▶ _Information supplied_:

========

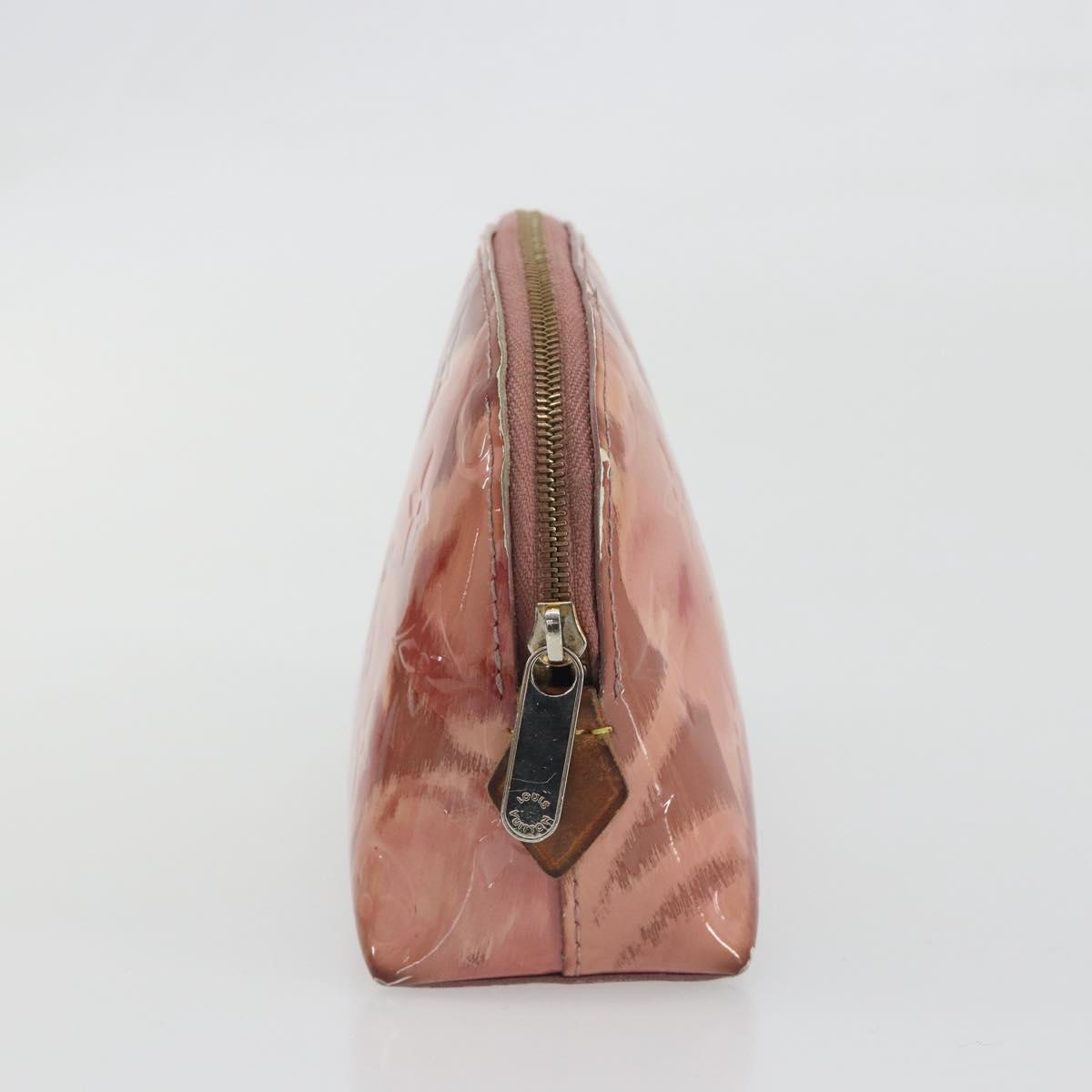 LOUIS VUITTON Monogram Vernis Ikat Flower Pochette Cosmetic M90046 Auth BA15040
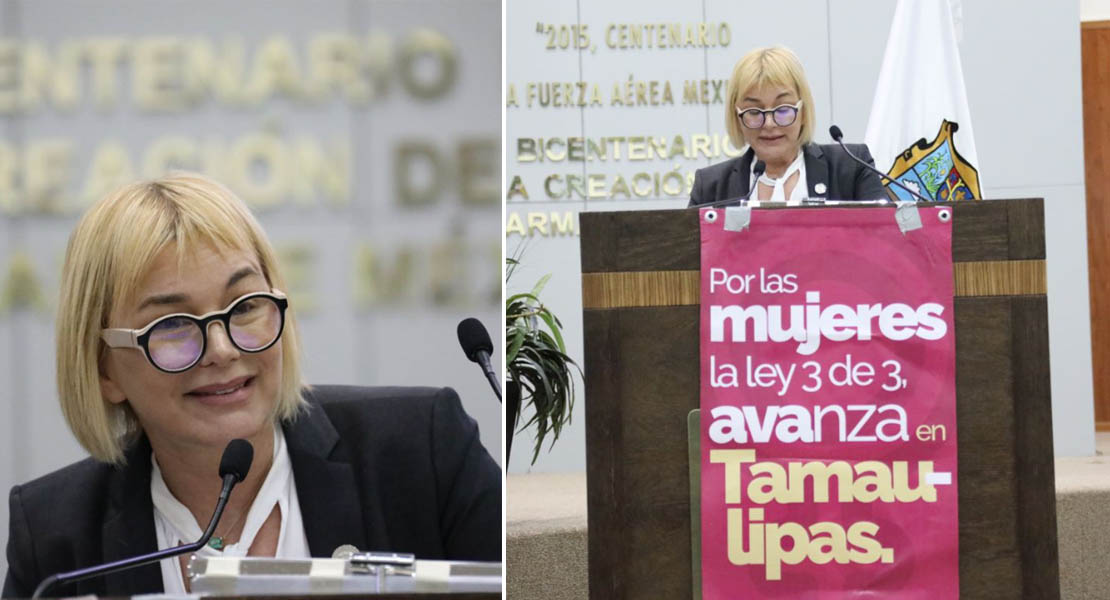 Por las mujeres, la Ley 3 de 3 avanza en Tamaulipas: Diputada Magaly Deandar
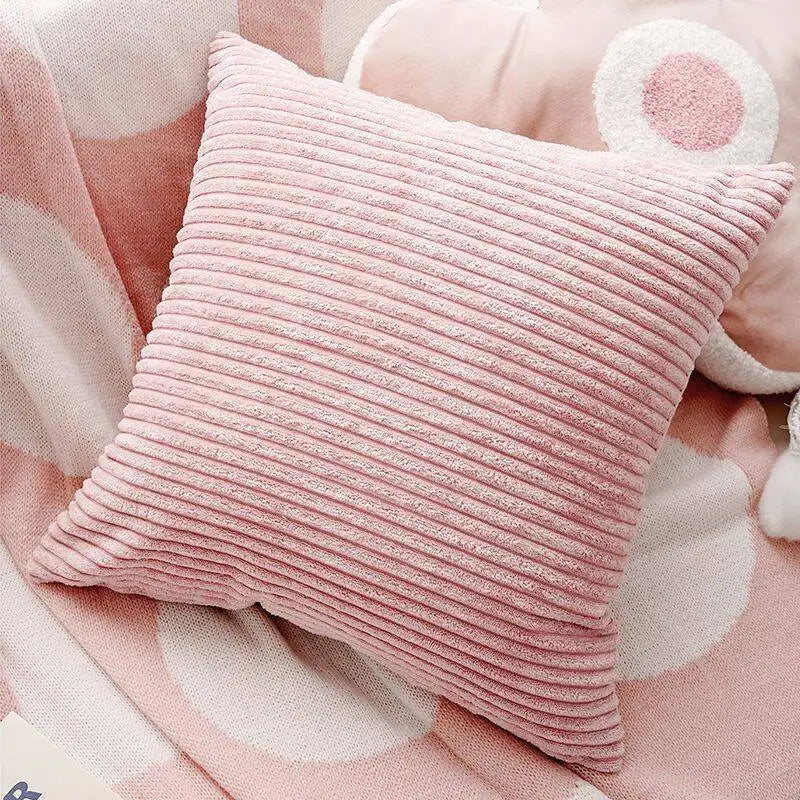 Pink Embroidered Decorative Cushion Cover – Floral Design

========

▶ _Task instructions_:
Please set down every line of the data above precisely, dropping the images.

▶ _Task result_:
 LOUIS VUITTON Monogram Vernis Ikat Flower Pochette Cosmetic M90046 Auth BA15040
 Por las mujeres, la Ley 3 de 3 avanza en Tamaulipas: Diputada Magaly Deandar
 Pink Embroidered Decorative Cushion Cover – Floral Design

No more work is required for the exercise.